Published February 6, 2013

Emagine sets admission restrictions on teens

ROYAL OAK — Local trips to the movies for teenagers became a little trickier this month.

The Emagine Theatre in Royal Oak instituted a policy at the turn of the new year where anyone 16 or younger must be accompanied by a parent or legal guardian after 6 p.m. daily. The policy, which was posted on the theater’s website late Jan. 18 after a complaint, is not on the web pages for any of Emagine’s other six theaters in Rochester Hills, Novi, Canton, Woodhaven, Birch Run or Clio, the latter two of which do not use the typical Emagine branding.

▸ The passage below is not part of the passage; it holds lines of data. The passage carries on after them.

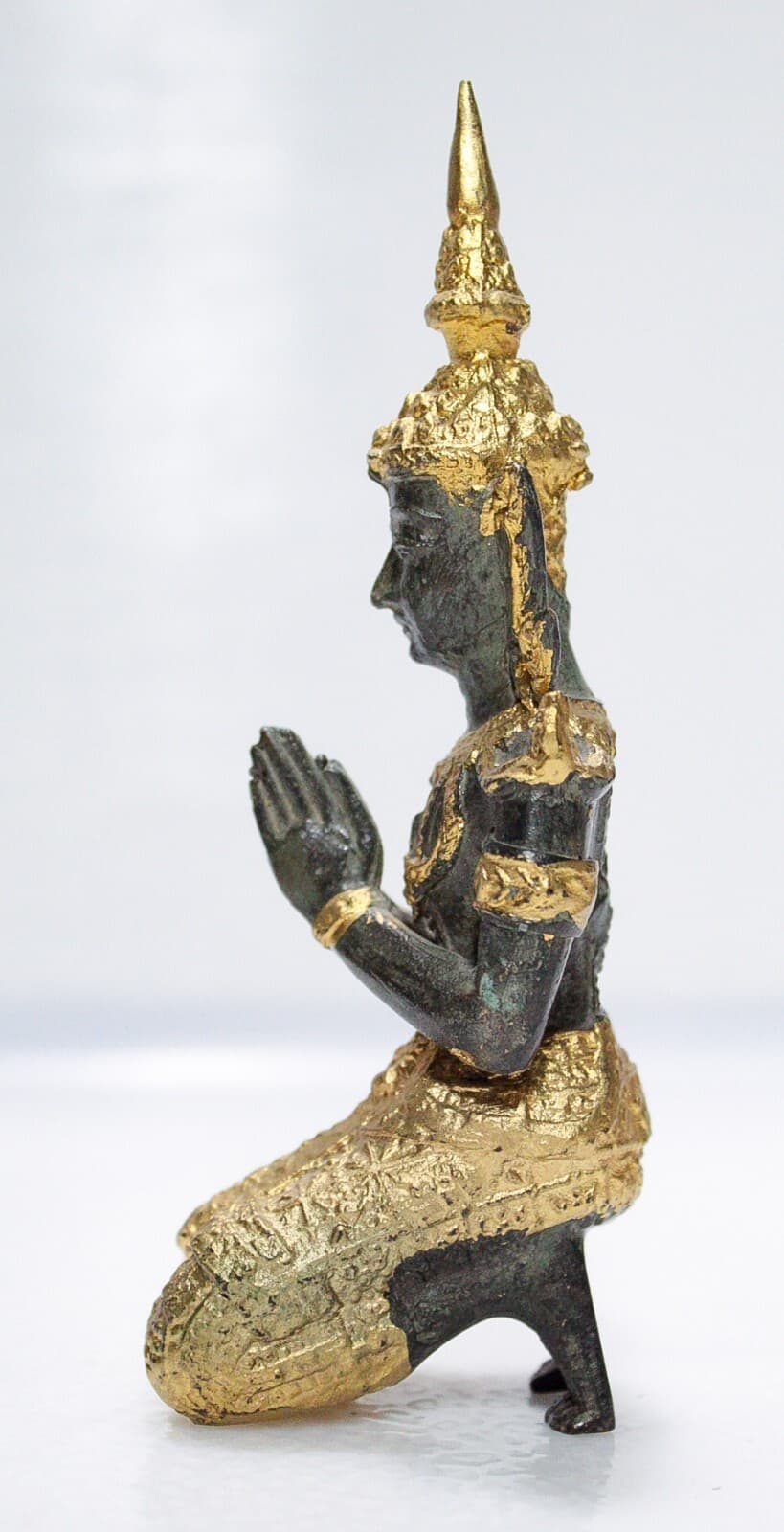 Vintage Old Bronze Praying Buddha Gold Gilt Small Sculpture Figurine - Thumbnail 7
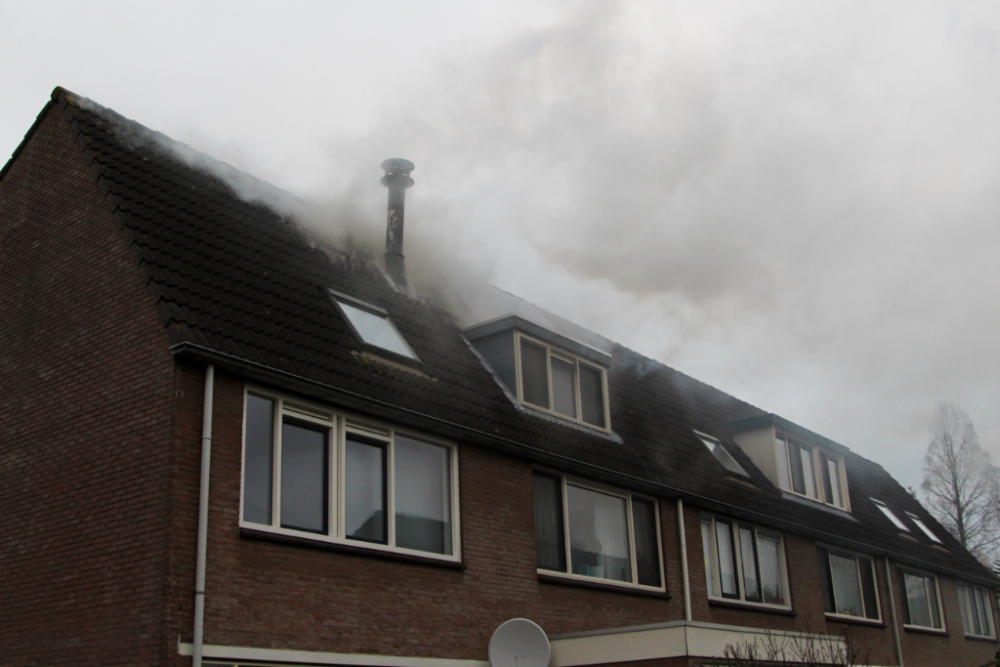 Zolderbrand in woning Grimbergpad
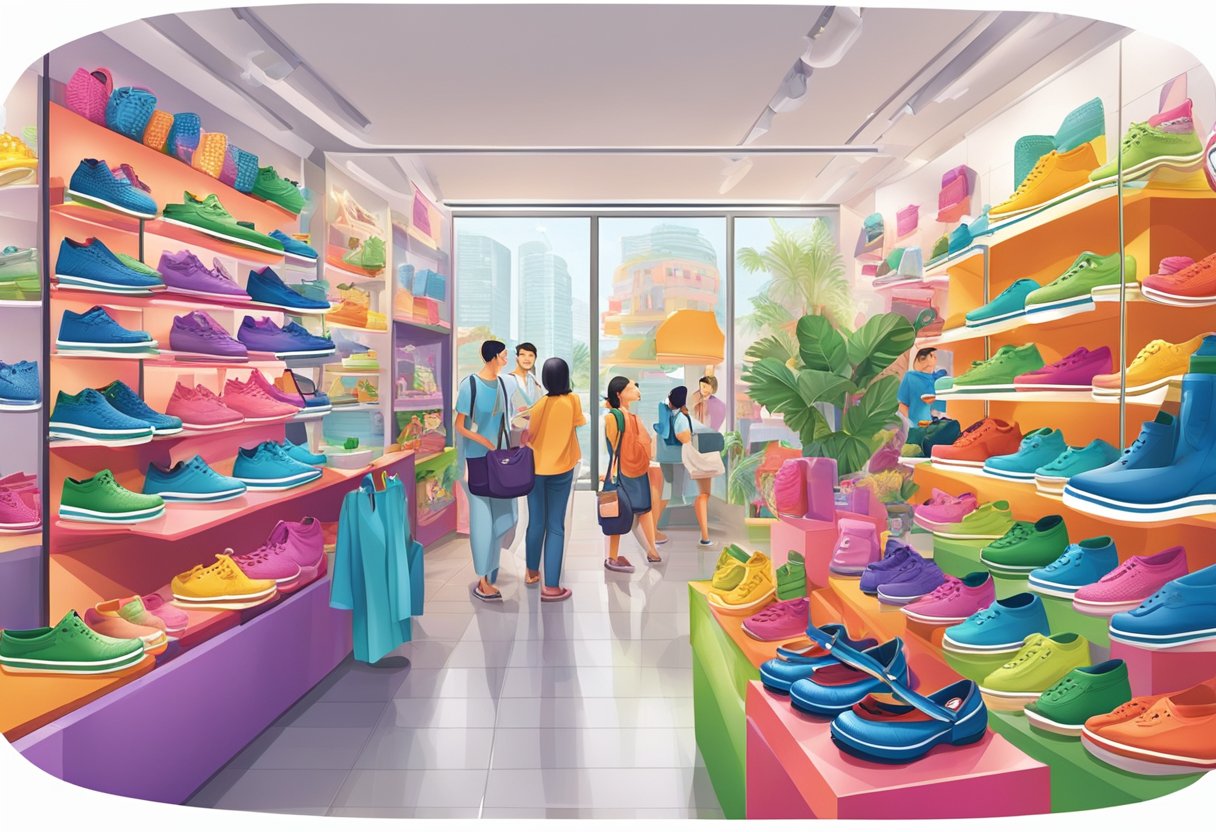 A vibrant Crocs shop in Singapore, with colorful displays and a bustling crowd browsing the latest footwear collections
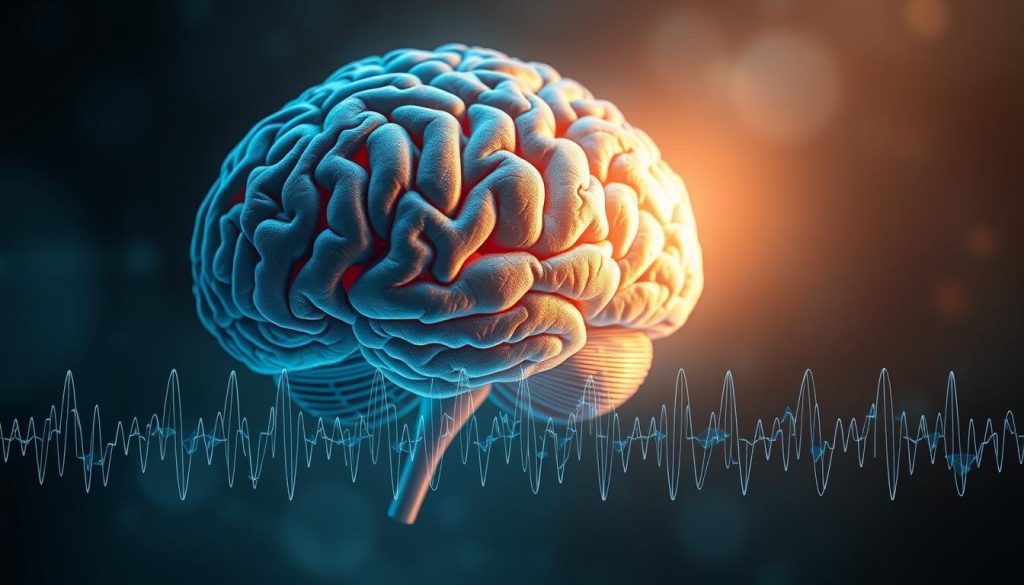A detailed cerebral cortex, intricately layered with neural pathways, sets the stage. Soft, diffused lighting illuminates the scene, casting a serene, meditative glow. In the foreground, a visually striking depiction of the distinct sleep stages unfolds - from the alpha waves of light sleep to the theta rhythms of deep slumber, each phase represented by its own unique neural network. The overall composition conveys the profound and intricate relationship between the brain's activity and the restorative power of sleep, a captivating visualization of "Neurociência do Sono".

Resident Margaret Partlan said her daughter tried to go see “Les Miserables,” which is rated PG-13, as part of a double date for a 7:15 p.m. showing Jan. 18 and were turned away because two of the four teens were 16. The other two were 17.

“My daughter made it through midterms and thought she did pretty well,” Partlan said. “My husband drove them to the theater and dropped them off in front. Twenty minutes later, she called and said they wouldn’t let her in.”

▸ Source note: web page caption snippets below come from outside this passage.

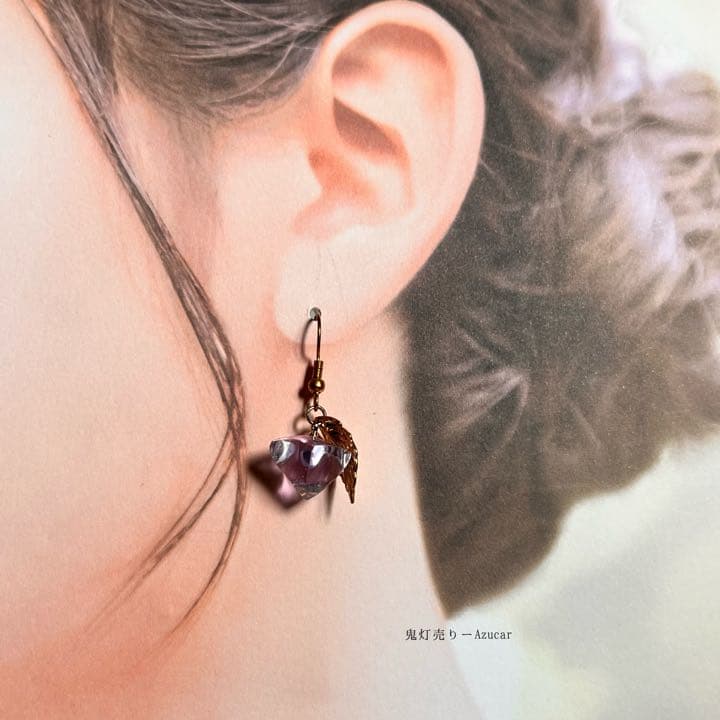鬼灯と猫面の和風ピアス イヤリング(蓄光と色変化)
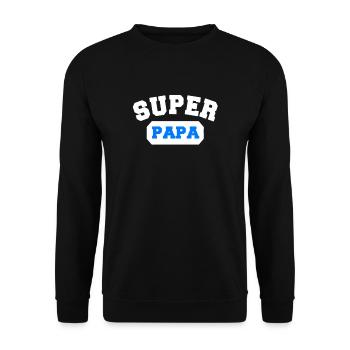 Superpapa Bester Dad Vater Super Papa Shirt - Unisex Pullover - Schwarz - Vorne - Alina (178cm) & Michal (187cm)
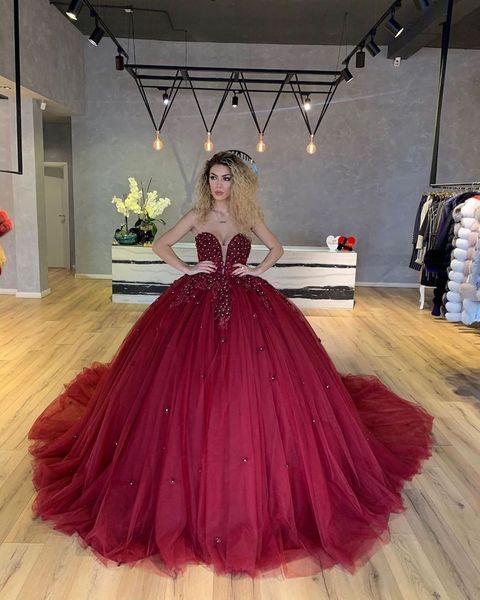 

2022 fashion burgundy african quinceanera prom dresses sweetheart tulle applique crystal long new sweet 16 dress vestidos 15 ano evening for, Blue;red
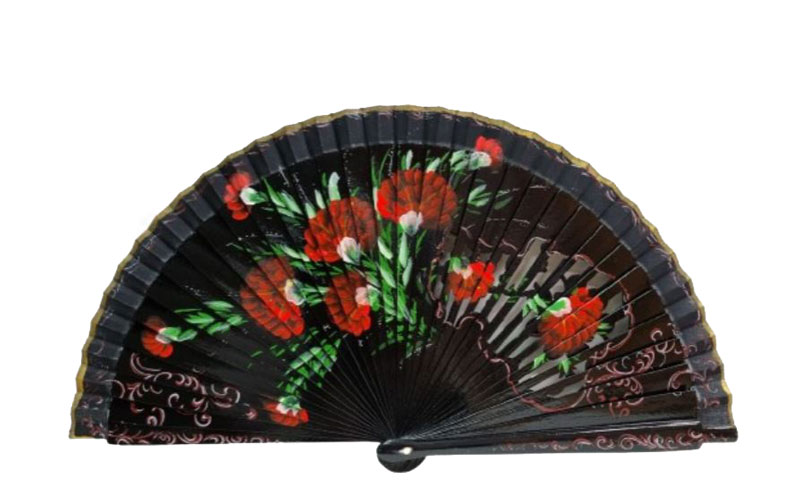 Black Handmade Fan in Sycamore Wood with Red Carnations and Openwork Sticks. Ref. 153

Partlan said she called the theater and the manager on duty was only able to give her limited information.

“He didn’t really have a good explanation for me,” Partlan said. “(He) told me this policy was a new policy and they taped a sign up on the door in response to something that took place over Christmas break where kids were loitering in the lobby. That seems rather ill-planned and arbitrary.”

The sign, which was still posted on each door Jan. 28, read, “After 6 p.m., no one under the age of 17 will be admitted unless accompanied by a parent or legal guardian who agrees to be responsible for the conduct and safety of the under-aged guest(s).” And it added in small print, “Management, in its sole discretion, retains the right to modify this policy at any time.”

After Partlan and another parent, Sheryl Hunter, emailed local media outlets about their disgust for the new policy, Partlan said the theater offered Hunter four free movie passes. However, it also spurred a tweak to the new policy.

On Feb. 1, Ruth Daniels, Emagine’s senior vice president of Advertising, Sales & Marketing, said via email that teens would be allowed into the theater under three specific stipulations, effective that weekend.

Teens under 17 years of age who are attempting to enter the theater after 6 p.m. must be able to present a photo identification that the theater deems acceptable; provide the theater with the name and telephone number of their parent(s) or legal guardian; and the theater must be able to reach that parent/guardian by phone to confirm that they take responsibility for the teen prior to the teen entering the theater.

“Of course, we reserve the right to revise or alter our policy at any time in the sole discretion of Emagine management,” Daniels said via email. “We strive to offer the best movie-going experience available to all guests. To do so, we do enforce curfews.”

The city has a 10:30 p.m. curfew for those 16 and younger. Partlan said nothing was posted on the theater’s website about the restriction until sometime after 8 p.m. Jan. 18.

“It’s a social injustice,” Partlan said. “It’s a private business. They can do whatever they want. It’s a shame that date night is done with. Way to keep the business in the community? I don’t think so.”

Partlan said she expects movie-going teens to head to Birmingham or other nearby cities if they have a driver’s license, which her daughter does not.

She is concerned that those turned away may turn to vandalism, which she has experienced as a Main Street resident.

“Now you’ve got six angry teenagers who can’t go to this movie theater and they’ll walk around the neighborhoods,” Partlan said. “My job is to raise my daughter to be a contributing member of society and not a little punk, so I believe her when she says they weren’t acting out or being rude.”

She said any misbehaving — from roughhousing and excessive loitering to using phones in a theater during the presentation — should be dealt with by the ushers or staff security, rather than banning everyone from entering the theater without parental assistance. Partlan said the more focus the Royal Oak Emagine puts on its Star Lanes feature, the less community-oriented it becomes.